Damage caused to biodiversity could be repaired in Moldova too

The Government approved the Nagoya-Kuala Lumpur Protocol on Liability and Redress to the Cartagena Protocol on Biosafety and submitted it to Parliament for ratification, IPN reports.

The Cartagena Protocol on Biosafety to the Convention on Biological Diversity is an international treaty governing the transboundary movement of living modified organisms (LMOs) resulting from modern biotechnology. It was adopted on 29 January 2000 as a supplementary agreement to the Convention on Biological Diversity and entered into force on 11 September 2003.

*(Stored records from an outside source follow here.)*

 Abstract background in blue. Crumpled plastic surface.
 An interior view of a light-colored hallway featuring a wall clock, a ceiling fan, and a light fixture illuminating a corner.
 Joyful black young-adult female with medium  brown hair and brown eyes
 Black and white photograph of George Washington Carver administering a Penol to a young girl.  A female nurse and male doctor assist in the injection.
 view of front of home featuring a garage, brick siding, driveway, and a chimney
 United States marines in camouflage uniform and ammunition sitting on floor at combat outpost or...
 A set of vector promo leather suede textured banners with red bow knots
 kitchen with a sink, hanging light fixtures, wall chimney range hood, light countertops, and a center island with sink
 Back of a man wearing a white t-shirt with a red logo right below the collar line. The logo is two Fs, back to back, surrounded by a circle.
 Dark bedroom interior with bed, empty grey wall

In 2010, the fifth meeting of the Parties to the Cartagena Protocol on Biosafety adopted the Nagoya – Kuala Lumpur Supplementary Protocol on Liability and Redress to the Cartagena Protocol on Biosafety. This was signed on 11 May 2011 at UN Headquarters, New York, during the High-Level Segment of the nineteenth session of the UN Commission on Sustainable Development.

The objective of the Supplementary Protocol is to contribute to the conservation and sustainable use of biodiversity by providing international rules and procedures on liability and redress for damage resulting from LMOs. It specifies the measures that need to be taken in response to damage resulting from LMOs that find their origin in a transboundary movement.

Moldova signed the Supplementary Protocol on 25 January 2012, being the 39th Party.